It’s been about 4 years since the spectacular total solar eclipse of 2017 that swept from Oregon, across the United States, through the middle of Missouri, on to South Carolina, and out into the Atlantic Ocean. It was the first total solar eclipse to touch the contiguous 48 states in 38 years, and the first since 1918 to go from coast to coast.
Remember? The weather was clear for most in the path of totality, and millions of people looked to the skies to witness the moon creep across and cover the sun. We witnessed the bright flash of the diamond ring as the sun sank into darkness, and we observed the glowing streamers of the sun’s outer atmosphere. Yes, it got dark. Animals became restless and changed their behaviors. Birds went to roost, and insects sang.

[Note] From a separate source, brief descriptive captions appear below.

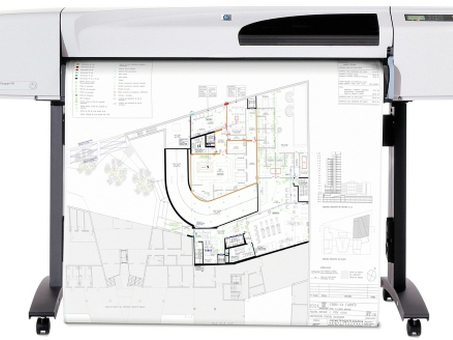 Струйный плоттер HP DesignJet 510 42" (CH337A)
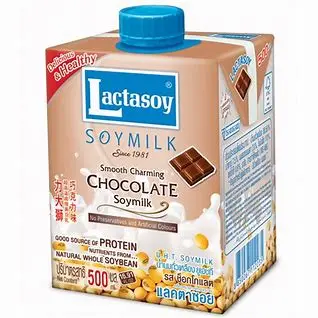 Lactasoy Chocolate Flavoured 500ml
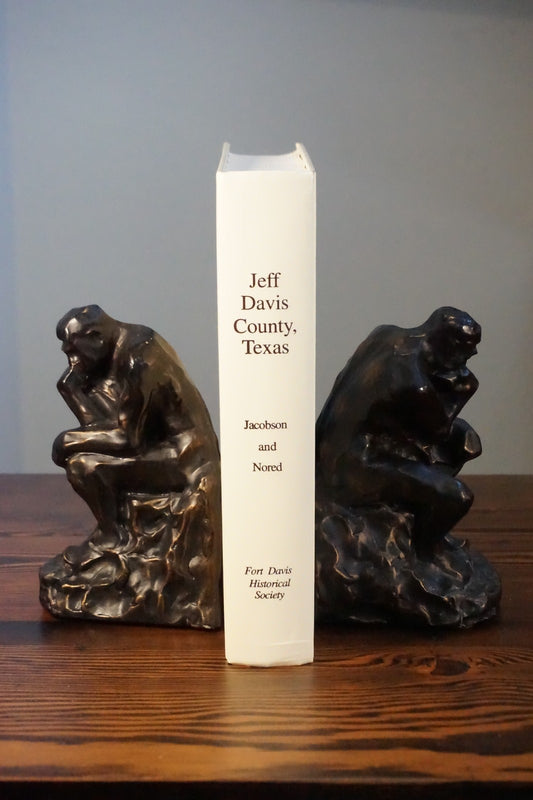 Jeff Davis County, Texas History by Lucy Miller Jacobson and Mildred Bloys Nored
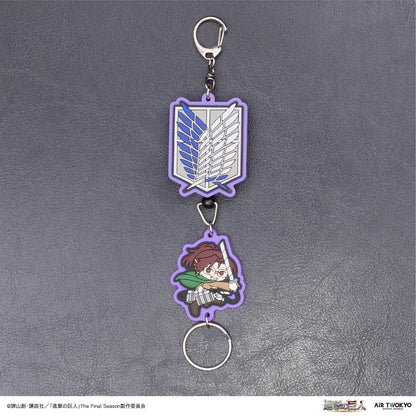 TVアニメ『進撃の巨人』 第11弾 リールキーホルダー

But it wasn’t what most of us had imagined, it was different, and it was better. Words and predictions cannot convey the feeling of a total solar eclipse.

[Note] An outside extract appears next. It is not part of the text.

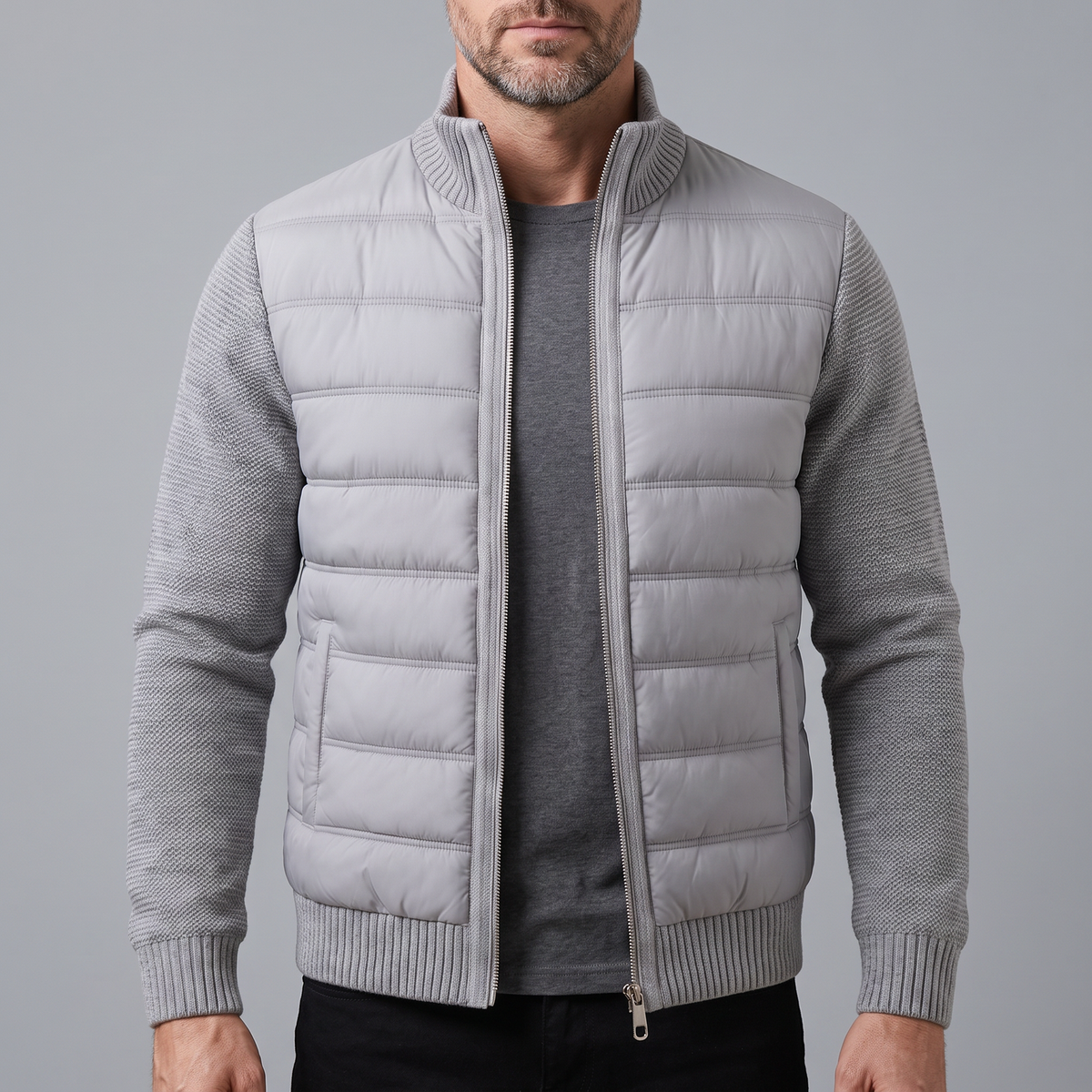 Finn | Men’s Quilted Puffer Jacket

On April 8, 2024, Missouri will once again be in the path of totality, which will cut across the Southeast part of the state, through such towns as West Plains, Poplar Bluff, and Cape Girardeau. This time the sun’s shadow will start in Mexico and sweep northeast, entering Texas, moving across the Heartland through Oklahoma, Arkansas, Missouri and Illinois, then on through Indiana, Ohio, and up into the northeast, completing its journey in Canada. This time the path of totality will be wider, the duration of totality will be longer, and the number of people residing within the band of totality will be nearly three times as great as in 2017.